A number of authors have developed models to account for variable selective pressures among amino acid sites in the protein, similarly to the site models in CODEML. An ML method assigns and estimates a free ω ratio for every codon site in the gene, and applies an LRT of the null hypothesis ω = 1 using data at one site. This approach is followed by the sitewise likelihood ratio method of Massingham and Goldman (2005) in the SLR program or the fixed-effects likelihood (FEL) method in HyPhy (Kosakovsky Pond et al. 2005); see also Suzuki (2004). A difficulty with this procedure, however, is its use of many parameters in the model (with one ω parameter for every site), but it may be effective if a large number of sequences are available in the alignment.
The program HyPhy implements several models that are similar to the site and branch-site models in Codeml. The site models implemented in HyPhy (Kosakovsky Pond et al. 2005; see also Mayrose et al. 2007) use three site classes for synonymous rates as well as three site classes for nonsynonymous rates, which allows the synonymous rate to vary among sites, a feature which some argue is important (Wisotsky et al. 2020). Posterior probabilities that each site belongs to those site classes are calculated using the NEB approach of Nielsen and Yang (1998), allowing positive-selection sites with ω > 1 to be identified.

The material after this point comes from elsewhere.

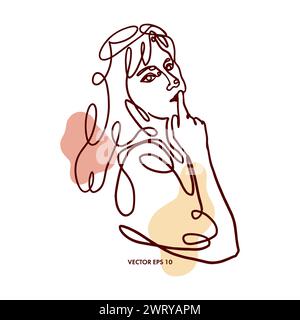 Abstract poster of woman with one line art. Vector illustration. Interior design, banners, cards, labels for cosmetics, covers, gift certificates. Stock Vector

The mixed effects model of evolution (MEME) (Murrell et al. 2012) and the adaptive branch-site random effects (aBSREL) model (Smith et al. 2015) in HyPhy allow the ω ratio to vary both among lineages and among sites, similar to the branch-site model discussed in this protocol. However, these models do not require the foreground branches to be specified a priori, and instead search for lineages along which some sites appear to be under positive selection with ω > 1. This approach may be effective for exploratory data analysis, but caution should be exercised in the interpretation of the LRT (Murrell et al. 2012). Note that in standard hypothesis testing, the null hypothesis should be formulated a priori and should not be derived from the data, which are in turn used to test the hypothesis.
A more efficient implementation of the branch-site model A is available in FastCodeML (Valle et al. 2014). The parallel version may be 100 times more efficient than CODEML, making it feasible to analyze large phylogenomic data sets. Several online tools and resources with friendly graphical user interfaces (GUIs) have integrated CODEML as a tool for detecting positive selection. For example, EasyCodeML (Gao et al. 2019) is a wrapper for CODEML, so that the user does not have to run CODEML at the command line. Similarly, ete-evol uses preconfigured evolutionary models in CODEML and SLR to automate the analyses in a parallel manner, as well as an in-built LRT and facilities for plotting the results (Huerta-Cepas et al. 2016).
Assumptions, Limitations, and Perspectives
The branch models, site models, and branch-site models discussed in this protocol are among the simplest models of codon substitution. They are commonly used in analysis of genomic sequence data to detect genes or sites potentially under positive selection driving adaptation at the molecular level. Our protocol is aimed at beginners, and we do not attempt to provide a comprehensive coverage of the topic. The interested reader may refer to many reviews that discuss the theory, limitations, and applications of those models, such as Yang and Bielawski (2000), Nielsen (2001), Anisimova and Kosiol (2009), Chapter 12 of Yang (2014), and the edited book by Cannarozzi and Schneider (2012), as well as the CODEML program manual and our GitHub repository with the code and data needed to reproduce the results described in this protocol.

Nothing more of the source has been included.